In [None]:
import torch
import torchvision
import objdetect as od
from tqdm import tqdm

In [None]:
device = 'cuda' if torch.cuda.is_available() else 'cpu'
print(device)

## Data augmentation

In [None]:
transformations = od.aug.Compose([
    od.aug.Resize(int(256*1.1), int(256*1.1)),
    od.aug.RandomCrop(256, 256),
    od.aug.RandomHflip(),
    od.aug.RandomBrightnessContrast(0.1, 0.1),
    od.aug.Normalize(),
])

## Dataset loader

In [None]:
ds = od.data.VOCDetection('data', 'train', transformations, download=True)

Let's look at the first sample:

In [None]:
d = ds[0]
print(d.keys())

Each sample is composed by an 'image', and respective objects represented by their 'bboxes' and 'classes'. The 'bboxes' are in the format x1y1x2y2 and are 0-1 normalized.

In [None]:
od.plot.image(d['image'])
od.plot.grid_lines(d['image'], 8, 8)
od.plot.bboxes(d['image'], d['bboxes'])
od.plot.classes(d['image'], d['bboxes'], d['classes'], ds.labels)
od.plot.show()

Naturally, the number of bounding boxes varies for each image, therefore they cannot be turned into tensors, so we need to specify a `collate` function for how the batches should be created.

In [None]:
tr = torch.utils.data.DataLoader(ds, 16, True, collate_fn=od.data.collate_fn)

## Model

We will prepare a one-stage model where for each location in the grid predicts: if there is an object (score), and if so, what is the object class and bounding box.

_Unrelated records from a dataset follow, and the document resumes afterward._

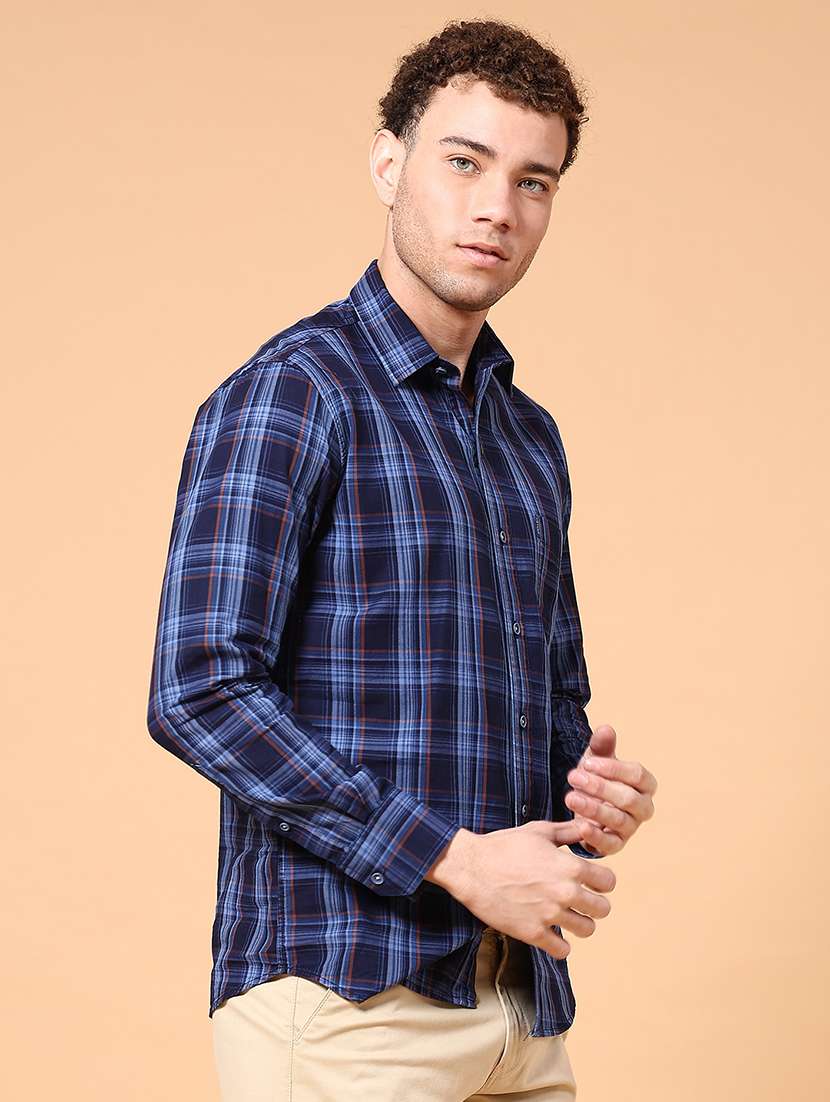 men checkered long sleeve slim fit casual shirt - 22313480 -  Standard Image - 2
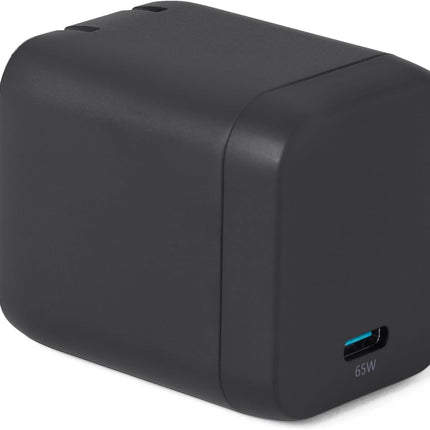 Amazon Basics 65W Fast Charging USB-C GaN Wall Charger, 1-Port PD 3.1, Compact with Foldable Plug for Laptops, Tablets, Phones, Black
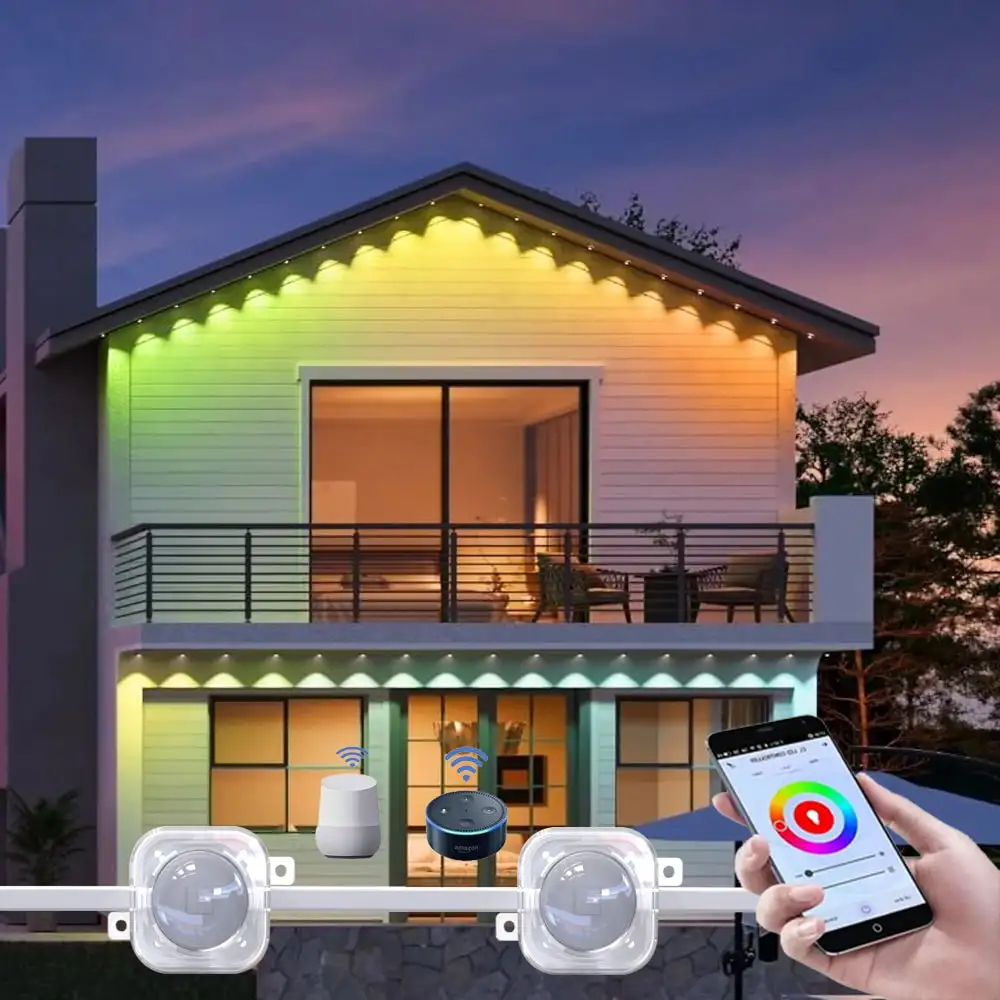 Luz LED de parede para exterior linha de pontos de luz RGB Pixel 30mm lâmpadas de reposição 12 volts cordão LED de Natal para exterior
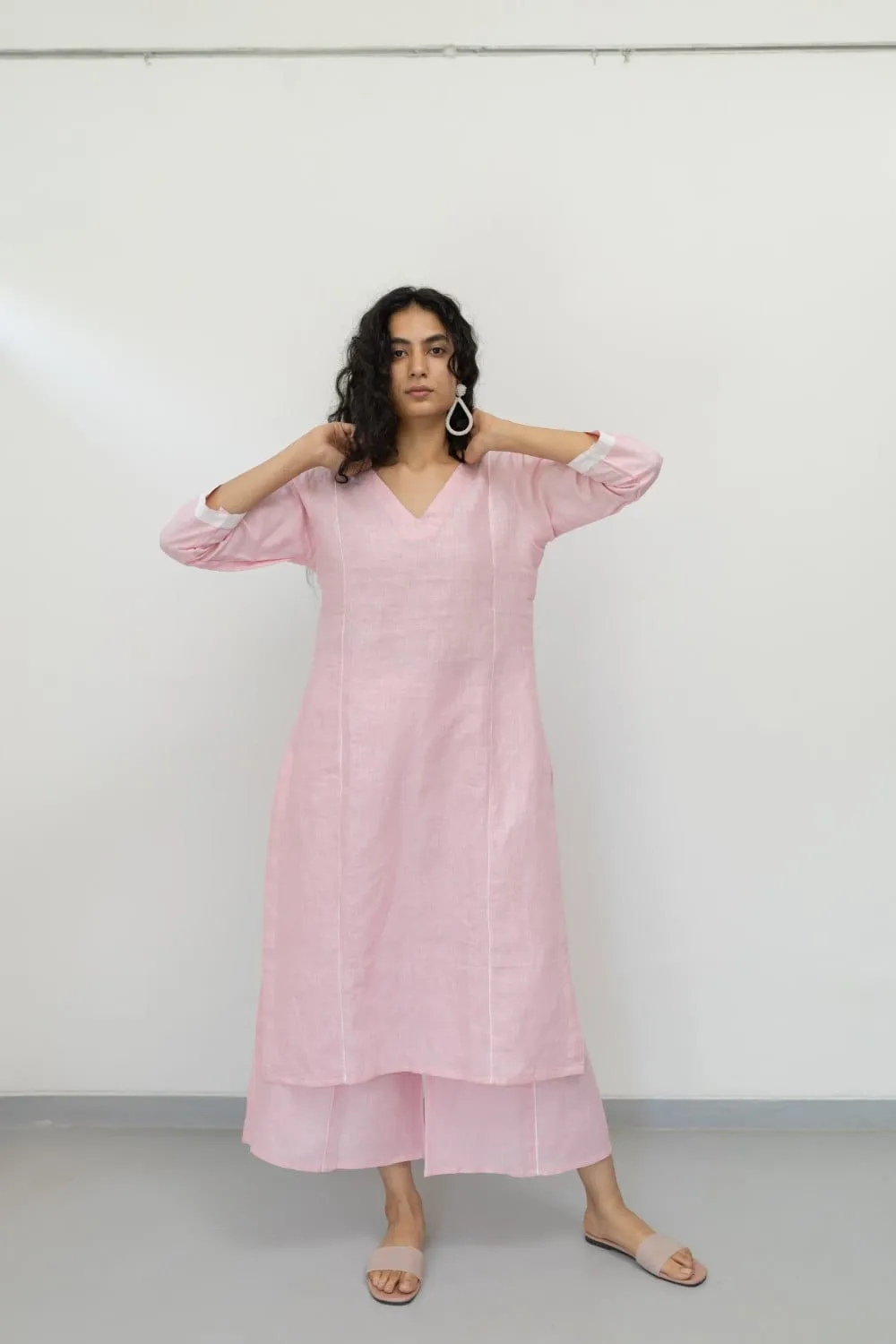 Bubblegum Linen Kurta and Pants Set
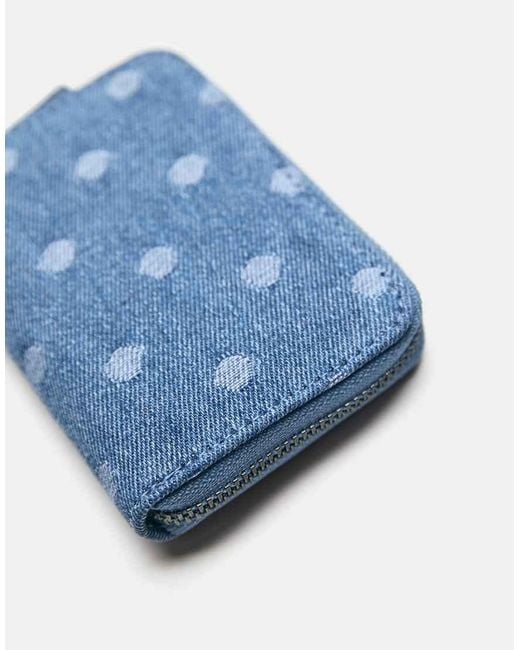 Pull&Bear Blue Denim Polka Dot Wallet
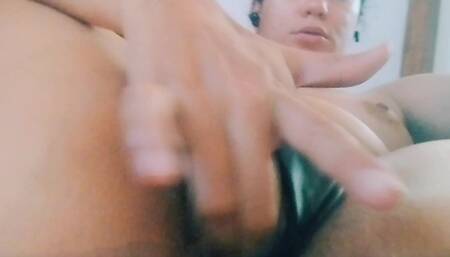 The stepsister makes a video call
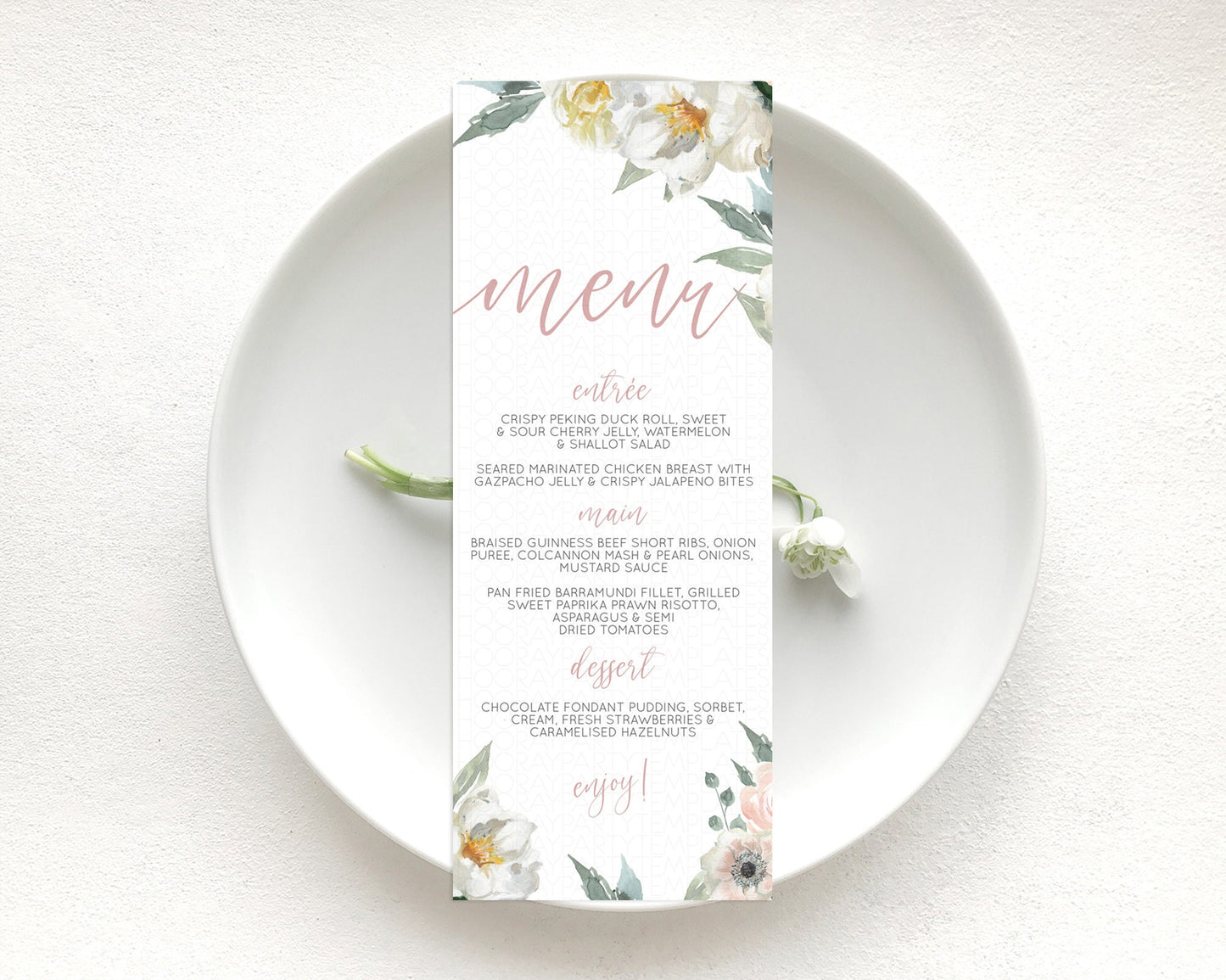 Editable Secret Garden Menu Wildflower Menu Template Pastel Flower Garden Ta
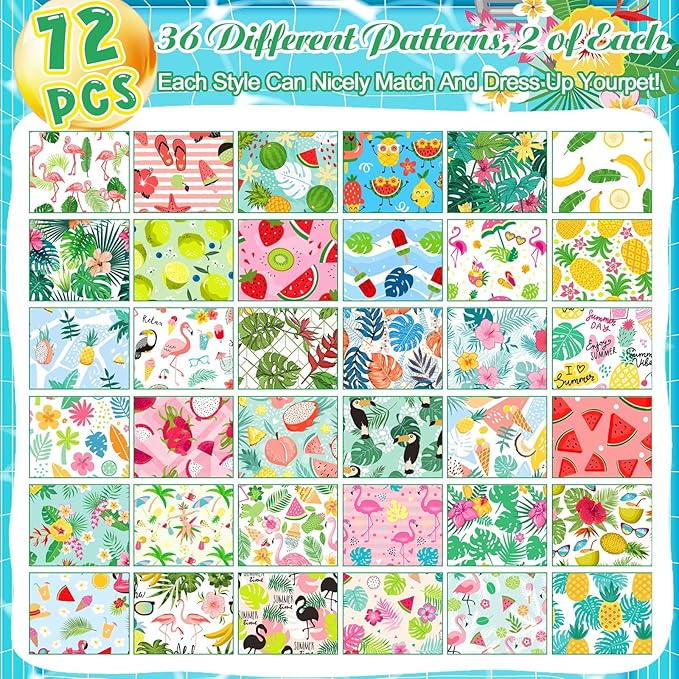 72 Pcs Dog Bandanas Bulk for Summer Adjustable Washable Pet Triangle Scarf Soft Kerchief Bib for Summer Holiday Pet Costume Accessories(Fruit)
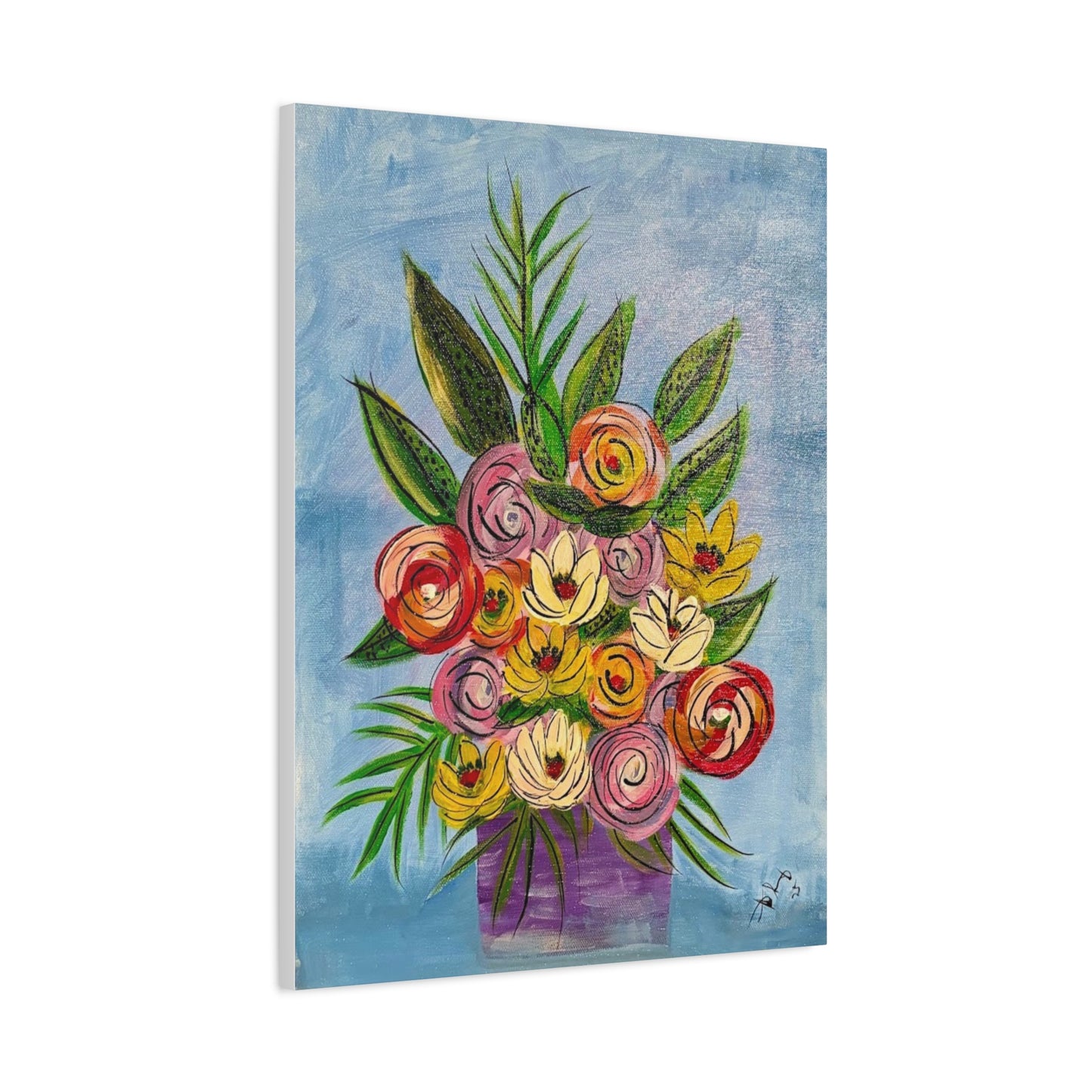 Pink Roses Boho Bouquet Canvas Print — Colorful Hand-Painted Flowers on Blue Background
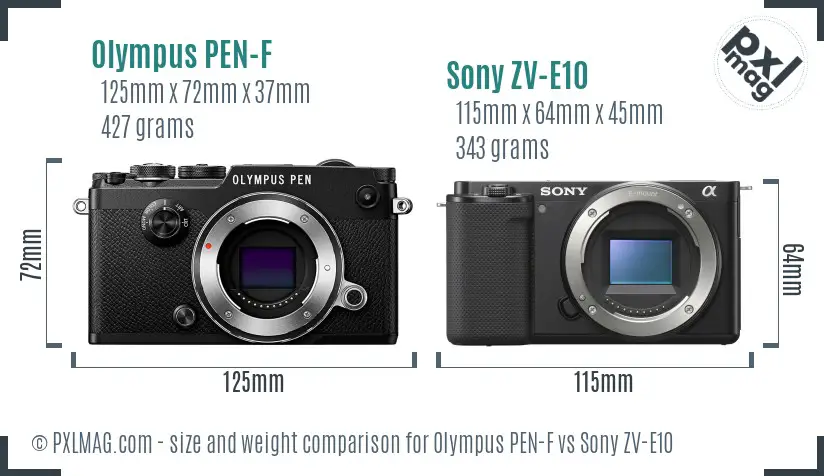 Olympus PEN-F vs Sony ZV-E10 size comparison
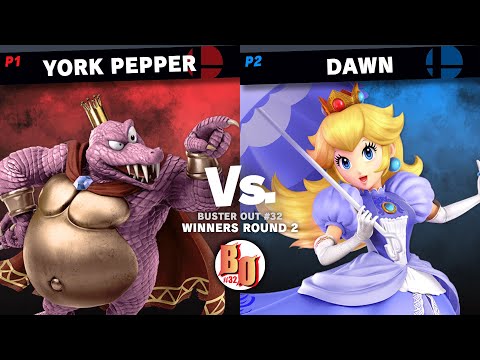 Buster Out #32 - york pepper (King K. Rool) VS Dawn (Peach) - Winners Round 2
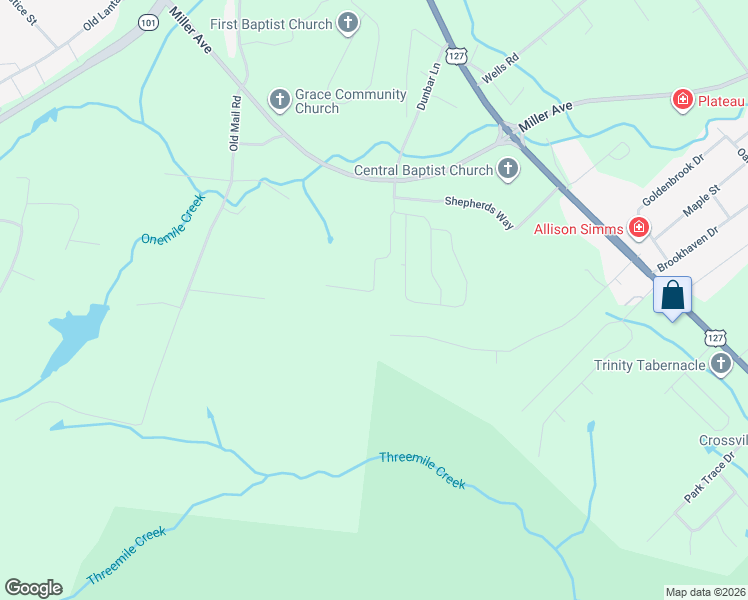 map of restaurants, bars, coffee shops, grocery stores, and more near 223 Grove Loop in Crossville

Like the object detection models that come with torchvision (see e.g. [FCOS](https://pytorch.org/vision/stable/models/generated/torchvision.models.detection.fcos_resnet50_fpn.html#torchvision.models.detection.fcos_resnet50_fpn)), the behavior changes if in `train` or `eval` mode, but we don't do exactly what they do. In `train` mode, we return the *unprocessed* scores/classes/bboxes grids. In `eval` mode, we return the *processed* classes/bboxes in the form of a list.

![](model.svg)

In [None]:
class MyModel(torch.nn.Module):
    def __init__(self):
        super().__init__()
        self.backbone = torchvision.models.vgg16(weights='DEFAULT').features
        self.scores = torch.nn.Conv2d(512, 1, 1)
        self.classes = torch.nn.Conv2d(512, 20, 1)
        self.bboxes = torch.nn.Conv2d(512, 4, 1)

    def forward(self, x):
        x = self.backbone(x)
        scores = self.scores(x)
        classes = self.classes(x)
        bboxes = self.bboxes(x)
        if not self.training:
            # when in evaluation mode, convert the output grid into a list of bboxes/classes
            scores = torch.sigmoid(scores)
            hasobjs = scores >= 0.5
            scores = inv_scores(hasobjs, scores)
            bboxes = od.grid.inv_offset_logsize_bboxes(hasobjs, bboxes)
            classes = od.grid.inv_classes(hasobjs, classes)
            bboxes, classes = od.post.NMS(probs, bboxes, classes)
            return bboxes, classes
        return scores, bboxes, classes

## Training

In [None]:
model = MyModel().to(device)
scores_loss = torch.nn.BCEWithLogitsLoss()
bboxes_loss = torch.nn.MSELoss(reduction='none')
classes_loss = torch.nn.CrossEntropyLoss(reduction='none')
optimizer = torch.optim.Adam(model.parameters())
epochs = 10

In [None]:
model.train()
for epoch in range(epochs):
    avg_loss = 0
    for imgs, targets in tqdm(tr, leave=False):
        imgs = imgs.to(device)
        preds_scores, preds_bboxes, preds_classes = model(imgs)

        slices = od.grid.slices_center_locations(8, 8, targets['bboxes'])
        scores = od.grid.scores(8, 8, slices).to(device)
        bboxes = od.grid.offset_logsize_bboxes(8, 8, slices, targets['bboxes']).to(device)
        classes = od.grid.classes(8, 8, slices, targets['classes']).to(device)

        loss_value = \
            scores_loss(preds_scores, scores) + \
            (scores * bboxes_loss(preds_bboxes, bboxes)).mean() + \
            (scores * classes_loss(preds_classes, classes)).mean()
        optimizer.zero_grad()
        loss_value.backward()
        optimizer.step()
        avg_loss += float(loss_value) / len(tr)
    print(f'Epoch {epoch+1}/{epochs} - Avg loss: {avg_loss}')

In [None]:
model.eval()
model(ds[0][0][None].to(device))